===== MATERIAL SUPPLIED =====

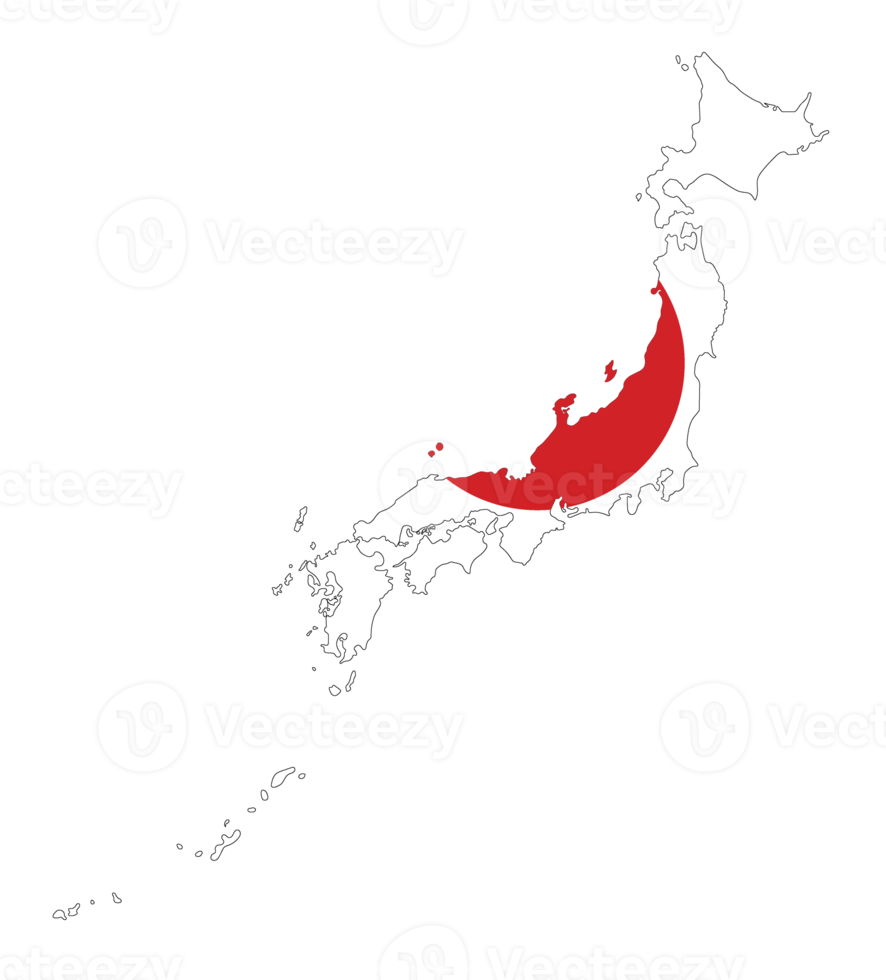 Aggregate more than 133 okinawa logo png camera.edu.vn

=====
===== MATERIAL SUPPLIED =====

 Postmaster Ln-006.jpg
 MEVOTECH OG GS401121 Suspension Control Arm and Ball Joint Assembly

=====
===== MATERIAL SUPPLIED =====

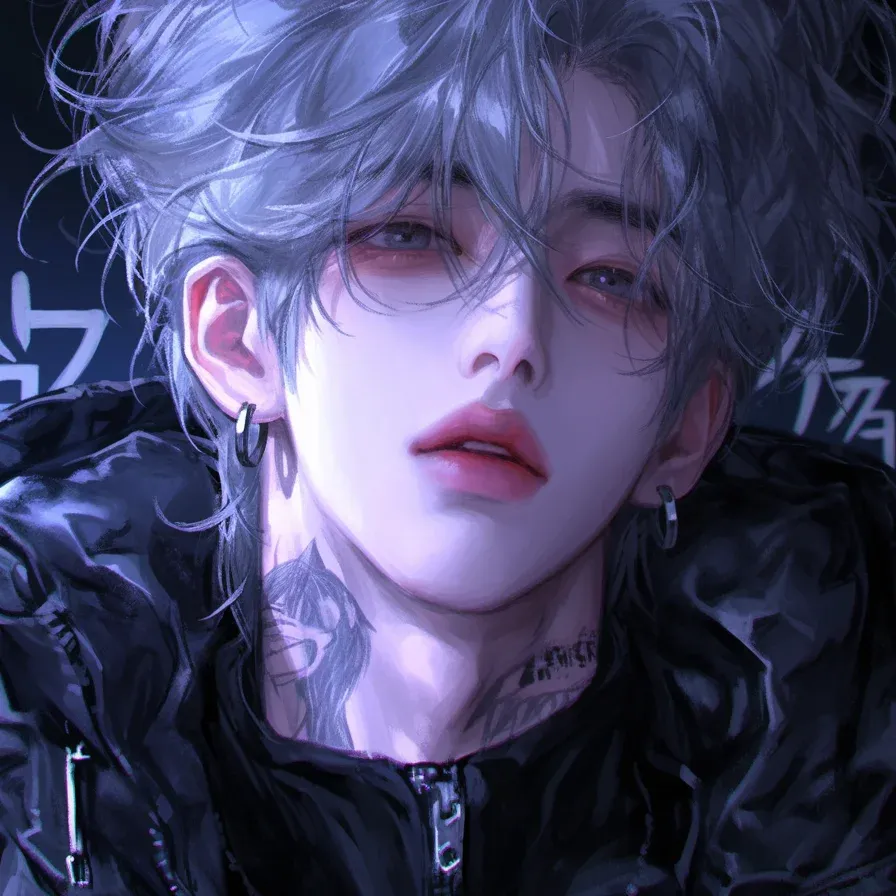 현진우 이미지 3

=====

§ WHAT YOU HAVE TO DO
Above are the records; repeat exactly the lines from the one holding "Postmaster Ln-006.jpg" down to the one holding "MEVOTECH OG GS401121", end lines included.

§ YOUR SOLUTION
 Postmaster Ln-006.jpg
 MEVOTECH OG GS401121 Suspension Control Arm and Ball Joint Assembly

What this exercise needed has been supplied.